Below are records; how many of their lines contain "synthesis"? Answer with only the number.

== Data records

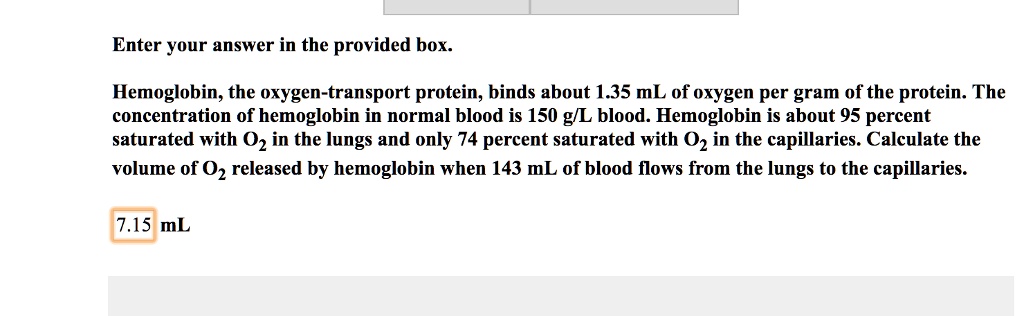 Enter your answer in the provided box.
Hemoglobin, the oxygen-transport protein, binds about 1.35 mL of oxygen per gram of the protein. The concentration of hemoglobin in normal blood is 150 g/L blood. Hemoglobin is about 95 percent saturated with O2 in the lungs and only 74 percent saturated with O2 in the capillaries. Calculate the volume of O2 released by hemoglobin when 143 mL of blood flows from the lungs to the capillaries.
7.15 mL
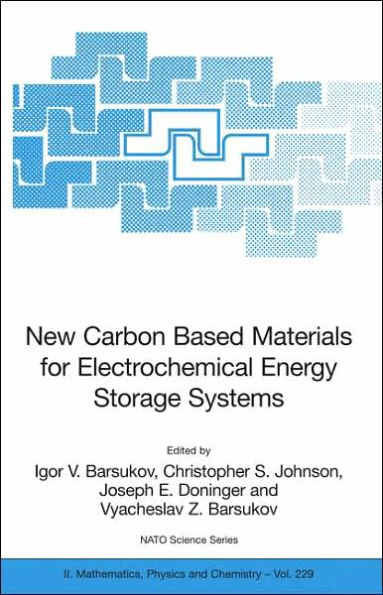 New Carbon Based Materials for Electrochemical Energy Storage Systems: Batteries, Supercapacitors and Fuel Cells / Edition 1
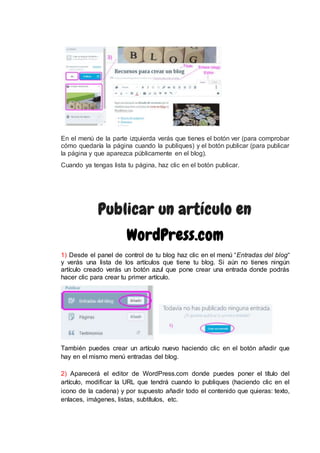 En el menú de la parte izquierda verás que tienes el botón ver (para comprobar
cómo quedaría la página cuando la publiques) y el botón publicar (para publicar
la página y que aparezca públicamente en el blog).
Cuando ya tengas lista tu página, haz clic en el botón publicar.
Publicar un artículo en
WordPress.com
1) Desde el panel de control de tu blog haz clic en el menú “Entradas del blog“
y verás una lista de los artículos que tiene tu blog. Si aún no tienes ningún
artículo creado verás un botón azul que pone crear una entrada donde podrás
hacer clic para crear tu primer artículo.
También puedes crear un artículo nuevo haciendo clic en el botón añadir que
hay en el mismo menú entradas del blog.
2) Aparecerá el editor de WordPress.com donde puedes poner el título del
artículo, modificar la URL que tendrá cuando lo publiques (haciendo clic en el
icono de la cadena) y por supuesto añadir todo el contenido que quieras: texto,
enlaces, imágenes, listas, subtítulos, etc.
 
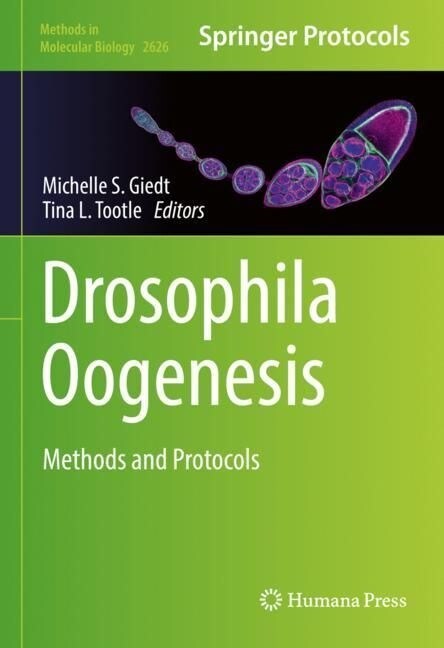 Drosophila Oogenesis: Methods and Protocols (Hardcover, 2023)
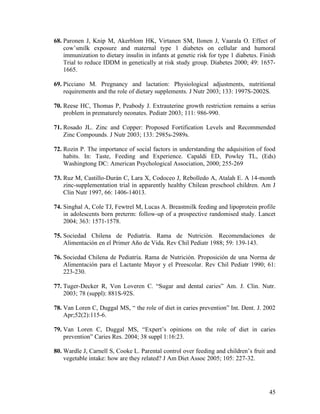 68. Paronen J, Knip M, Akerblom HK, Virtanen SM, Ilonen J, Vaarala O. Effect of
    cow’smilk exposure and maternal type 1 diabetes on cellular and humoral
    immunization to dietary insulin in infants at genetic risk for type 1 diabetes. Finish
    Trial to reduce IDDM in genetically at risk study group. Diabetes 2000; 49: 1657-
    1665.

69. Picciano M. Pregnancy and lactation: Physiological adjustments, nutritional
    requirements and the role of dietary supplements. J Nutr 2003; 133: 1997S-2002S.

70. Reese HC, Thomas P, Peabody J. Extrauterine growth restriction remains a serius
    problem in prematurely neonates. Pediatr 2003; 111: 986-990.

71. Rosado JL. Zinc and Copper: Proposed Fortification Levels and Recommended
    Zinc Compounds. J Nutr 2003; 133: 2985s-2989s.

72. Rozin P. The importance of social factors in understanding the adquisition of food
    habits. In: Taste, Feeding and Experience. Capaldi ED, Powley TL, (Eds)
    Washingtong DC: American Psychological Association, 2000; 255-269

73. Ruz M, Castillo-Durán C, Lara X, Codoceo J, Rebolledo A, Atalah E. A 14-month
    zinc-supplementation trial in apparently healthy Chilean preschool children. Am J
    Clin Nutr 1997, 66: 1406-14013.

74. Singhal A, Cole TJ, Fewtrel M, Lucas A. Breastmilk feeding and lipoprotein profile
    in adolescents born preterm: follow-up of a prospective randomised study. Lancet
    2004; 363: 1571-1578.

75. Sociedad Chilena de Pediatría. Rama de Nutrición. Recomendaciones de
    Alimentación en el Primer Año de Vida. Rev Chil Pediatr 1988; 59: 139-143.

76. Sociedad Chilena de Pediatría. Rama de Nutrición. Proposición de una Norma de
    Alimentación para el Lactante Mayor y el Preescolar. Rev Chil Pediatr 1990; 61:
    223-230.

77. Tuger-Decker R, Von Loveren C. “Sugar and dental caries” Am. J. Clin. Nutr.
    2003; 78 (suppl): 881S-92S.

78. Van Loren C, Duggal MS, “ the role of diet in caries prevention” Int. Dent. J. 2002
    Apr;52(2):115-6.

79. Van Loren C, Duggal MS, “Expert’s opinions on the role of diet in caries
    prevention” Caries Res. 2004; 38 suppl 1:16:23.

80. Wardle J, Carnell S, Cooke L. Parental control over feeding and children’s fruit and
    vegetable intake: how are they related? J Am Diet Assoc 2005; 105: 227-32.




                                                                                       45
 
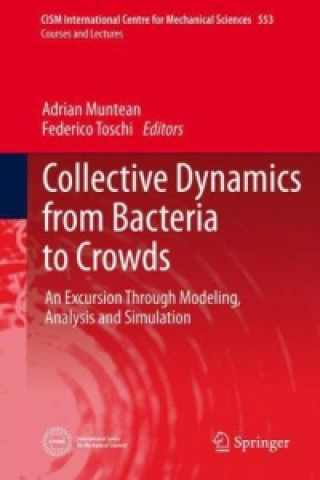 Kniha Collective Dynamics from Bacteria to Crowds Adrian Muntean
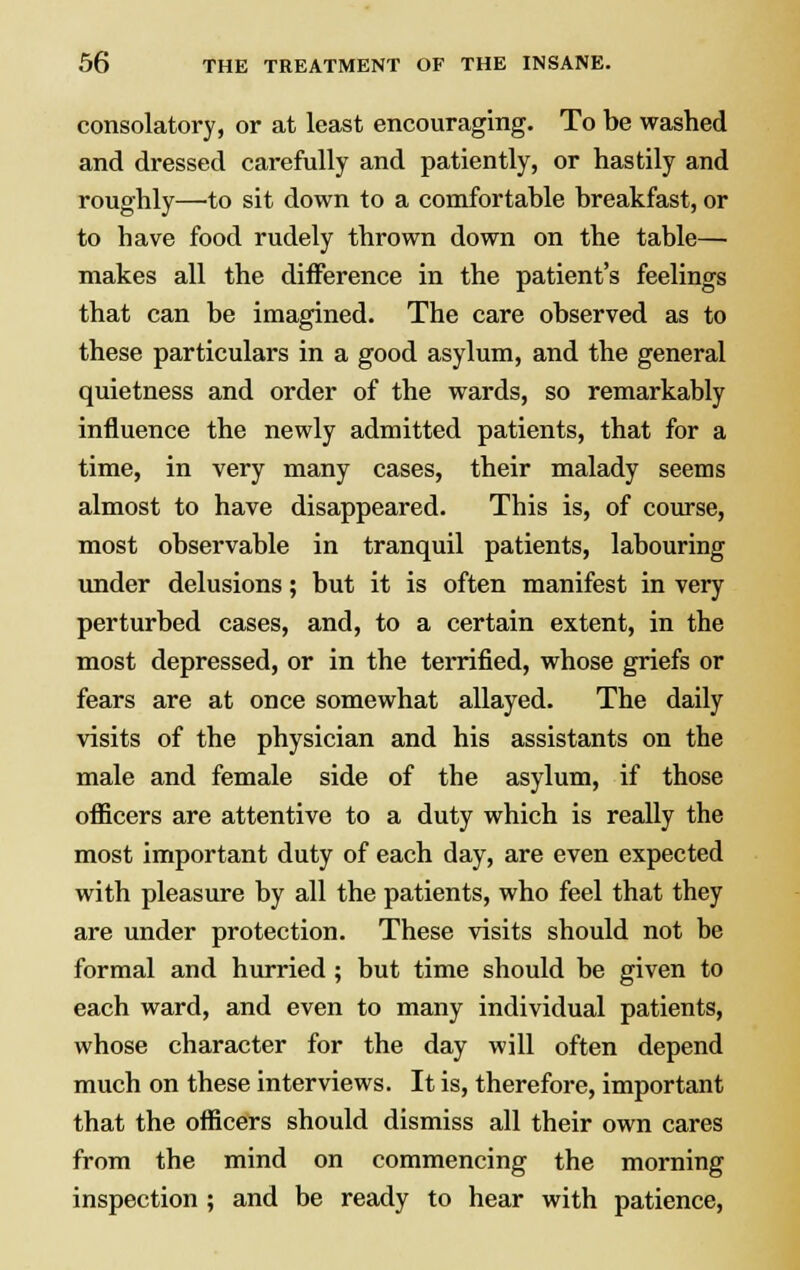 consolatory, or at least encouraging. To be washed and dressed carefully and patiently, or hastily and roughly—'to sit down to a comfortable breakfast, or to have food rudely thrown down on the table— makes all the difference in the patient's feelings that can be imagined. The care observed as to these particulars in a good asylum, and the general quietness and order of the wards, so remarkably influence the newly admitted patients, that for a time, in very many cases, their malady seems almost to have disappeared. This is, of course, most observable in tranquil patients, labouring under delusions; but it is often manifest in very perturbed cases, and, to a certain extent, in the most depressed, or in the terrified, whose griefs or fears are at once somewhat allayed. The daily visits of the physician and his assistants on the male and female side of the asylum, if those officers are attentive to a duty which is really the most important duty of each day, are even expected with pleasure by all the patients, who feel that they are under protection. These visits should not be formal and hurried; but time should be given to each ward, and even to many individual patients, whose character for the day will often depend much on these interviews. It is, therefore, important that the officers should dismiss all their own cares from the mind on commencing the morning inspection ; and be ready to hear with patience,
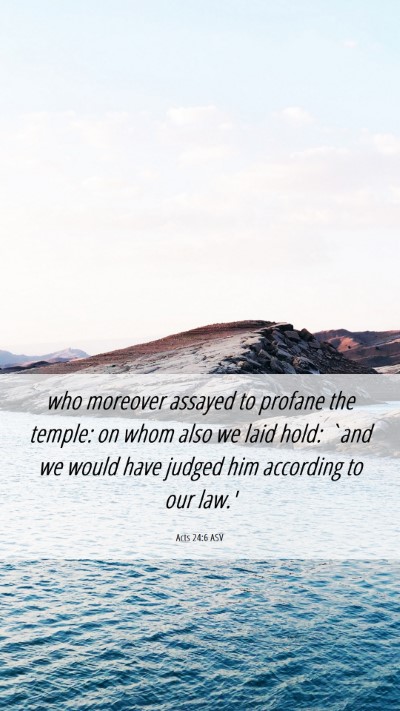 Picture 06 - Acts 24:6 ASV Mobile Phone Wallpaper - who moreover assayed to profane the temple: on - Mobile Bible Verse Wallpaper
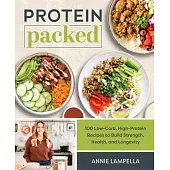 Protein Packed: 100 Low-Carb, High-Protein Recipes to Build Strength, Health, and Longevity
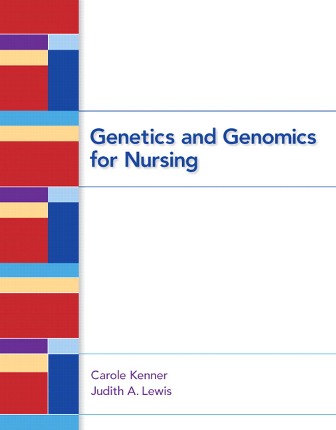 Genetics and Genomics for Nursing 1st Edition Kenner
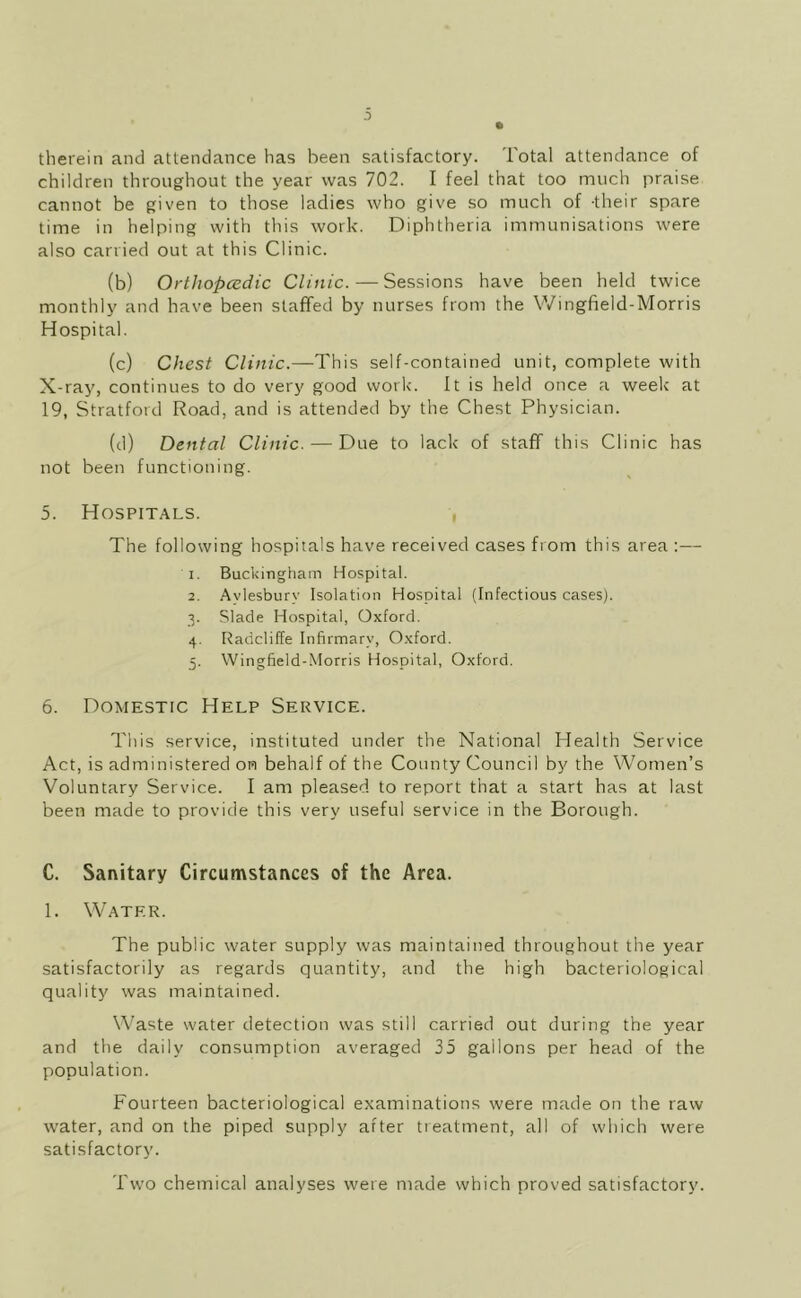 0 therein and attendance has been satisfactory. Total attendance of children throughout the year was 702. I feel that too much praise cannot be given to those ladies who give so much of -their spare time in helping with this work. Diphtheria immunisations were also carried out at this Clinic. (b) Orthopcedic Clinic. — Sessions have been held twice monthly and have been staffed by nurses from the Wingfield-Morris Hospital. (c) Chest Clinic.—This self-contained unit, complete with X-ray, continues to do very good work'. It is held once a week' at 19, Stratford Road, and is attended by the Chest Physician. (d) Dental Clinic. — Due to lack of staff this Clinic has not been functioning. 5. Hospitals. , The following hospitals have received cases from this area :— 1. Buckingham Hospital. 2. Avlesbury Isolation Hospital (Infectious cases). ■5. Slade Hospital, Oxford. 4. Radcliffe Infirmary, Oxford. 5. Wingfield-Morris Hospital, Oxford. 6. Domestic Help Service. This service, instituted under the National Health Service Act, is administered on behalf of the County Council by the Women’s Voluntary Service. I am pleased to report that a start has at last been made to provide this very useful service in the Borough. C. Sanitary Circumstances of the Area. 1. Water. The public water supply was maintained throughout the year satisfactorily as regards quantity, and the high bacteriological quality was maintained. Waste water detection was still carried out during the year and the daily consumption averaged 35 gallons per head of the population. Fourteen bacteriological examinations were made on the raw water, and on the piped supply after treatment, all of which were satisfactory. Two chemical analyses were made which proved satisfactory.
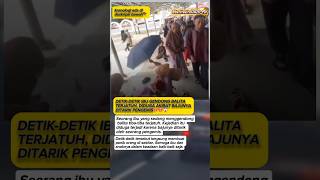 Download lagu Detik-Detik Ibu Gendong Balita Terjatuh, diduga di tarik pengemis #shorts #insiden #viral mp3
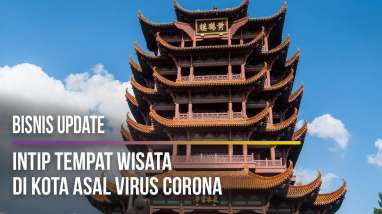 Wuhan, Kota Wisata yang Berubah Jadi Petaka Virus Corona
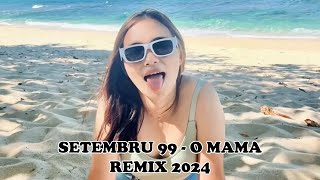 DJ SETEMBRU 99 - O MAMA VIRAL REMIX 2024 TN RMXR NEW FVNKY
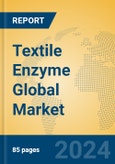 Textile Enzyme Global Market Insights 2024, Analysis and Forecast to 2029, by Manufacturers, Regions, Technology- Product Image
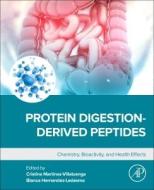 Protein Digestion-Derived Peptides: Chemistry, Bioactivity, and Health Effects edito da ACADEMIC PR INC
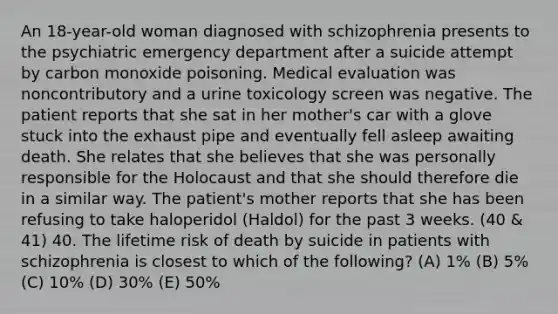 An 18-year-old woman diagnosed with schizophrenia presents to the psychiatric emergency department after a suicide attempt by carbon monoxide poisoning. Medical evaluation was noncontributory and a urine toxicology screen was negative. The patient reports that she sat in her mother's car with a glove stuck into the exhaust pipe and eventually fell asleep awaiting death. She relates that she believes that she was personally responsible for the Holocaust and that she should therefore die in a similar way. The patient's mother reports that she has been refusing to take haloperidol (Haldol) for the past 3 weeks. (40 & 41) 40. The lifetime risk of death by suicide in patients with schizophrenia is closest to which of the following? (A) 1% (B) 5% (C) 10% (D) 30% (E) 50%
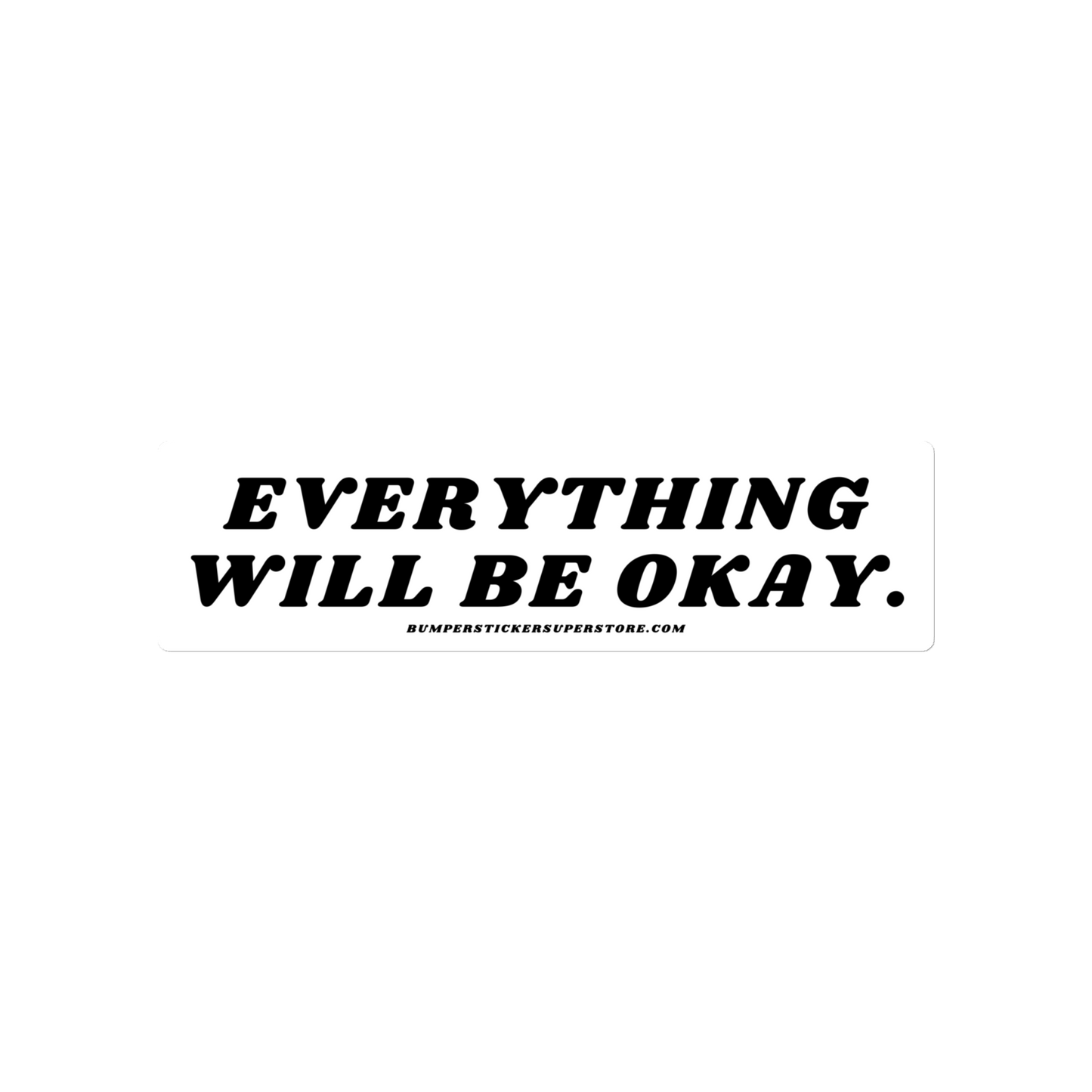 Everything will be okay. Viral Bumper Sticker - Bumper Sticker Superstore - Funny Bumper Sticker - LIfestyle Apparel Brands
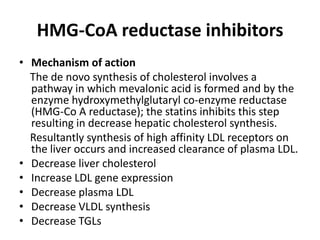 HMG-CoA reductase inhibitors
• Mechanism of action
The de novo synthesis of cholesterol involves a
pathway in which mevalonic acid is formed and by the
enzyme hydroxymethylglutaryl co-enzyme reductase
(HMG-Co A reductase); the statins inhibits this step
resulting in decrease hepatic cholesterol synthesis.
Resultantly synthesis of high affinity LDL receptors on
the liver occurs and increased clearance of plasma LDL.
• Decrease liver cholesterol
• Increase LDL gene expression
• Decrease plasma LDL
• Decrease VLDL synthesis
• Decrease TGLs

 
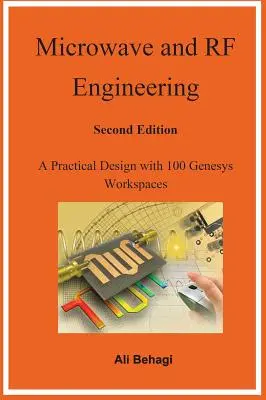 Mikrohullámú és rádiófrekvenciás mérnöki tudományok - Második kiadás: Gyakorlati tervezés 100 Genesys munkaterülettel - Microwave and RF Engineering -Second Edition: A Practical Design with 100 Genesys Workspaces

====

> _Worked solution_:
4